Comment 3 for bug 1881109

Revision history for this message
bugproxy (bugproxy) wrote : Comment bridged from LTC Bugzilla

------- Comment From <email address hidden> 2020-05-28 14:37 EDT-------
(In reply to comment #20)
> Hi Benjamin,
> if it's an issue somewhere in scsi-midlayer/block-layer/wbt wouldn't it then
> also happen with zFCP on DS8k and on other patforms?
> So far we did some testing with zFCP on DS8k (the only storage sub-system we
> have) as part of the release testing and server certification and on top we
> have constantly several zFCP systems currently running on 20.04 (probably
> less big systems and/or with less load), but so far we didn't faced a single
> crash.
> So I'm assuming more that is is XIV related, no?

Hey Frank,

I suspect this is a follow-on error from SCSI requests running into timeouts and subsequently being aborted and LUN/Target resets being send by the SCSI Error Handling code. Those cause abnormal request terminations (its rather unusual to have request timeouts) that might cause this WBT crash. At least that is my working theory so far.

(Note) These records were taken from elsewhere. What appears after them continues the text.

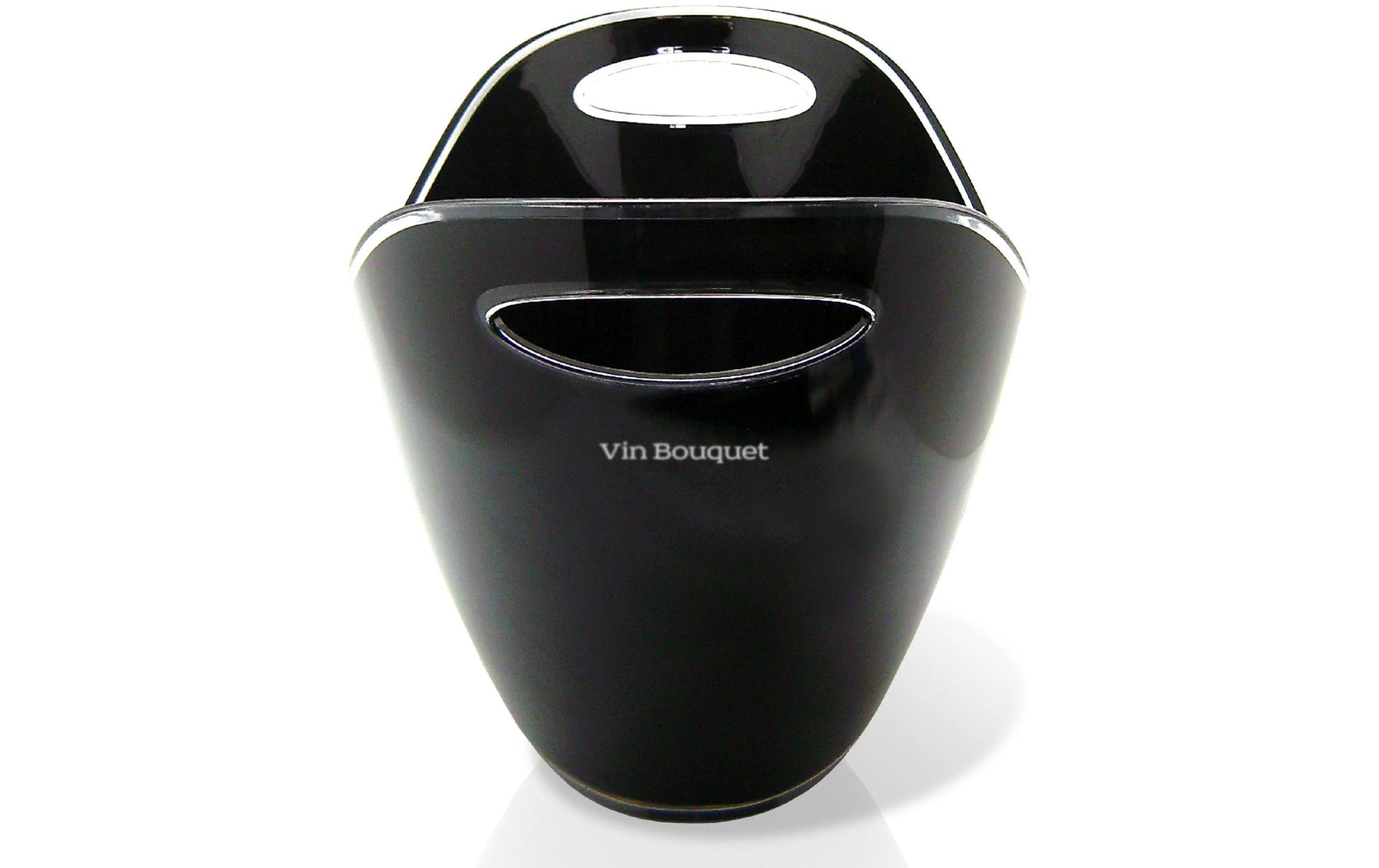 Vin Bouquet Champagnerkühler – 1,3 l, 26,5 × 20 × 20,5 cm, Acryl/Polystyrol (PS), Schwarz, für 2 Flaschen
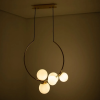 PENDENTE NERO DOURADO E BRANCO (C)60CM (L)30CM (A)69CM 5XG9 50W - MM002G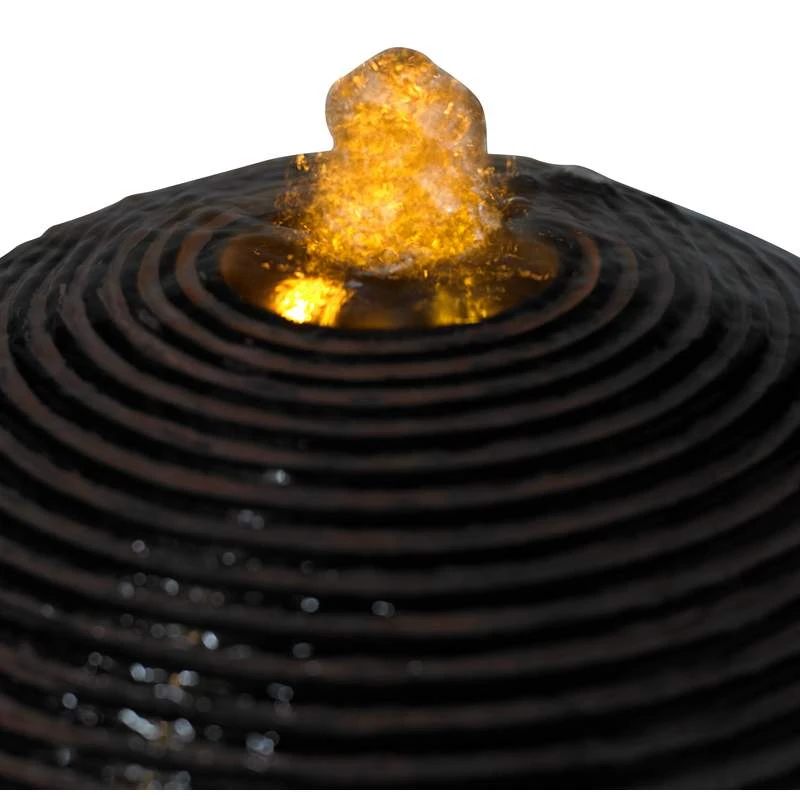 Dark Sphere 35 1/2" High LED Pillar Bubbler Fountain 7 Dark Sphere 35 1/2" High LED Pillar Bubbler Fountain - Image 5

I am looking into why the requests timeout in the first place in parallel to this report internally. But anyway, I don't think it should crash even with the timeouts. The last test also shows that if we disable WBT the setup doesn't seem to crash anymore, although the timeouts are still present - it "just" slows the workload for a time, but ultimately recovers.

At this point I don't have any evidence that XIV causes this problem.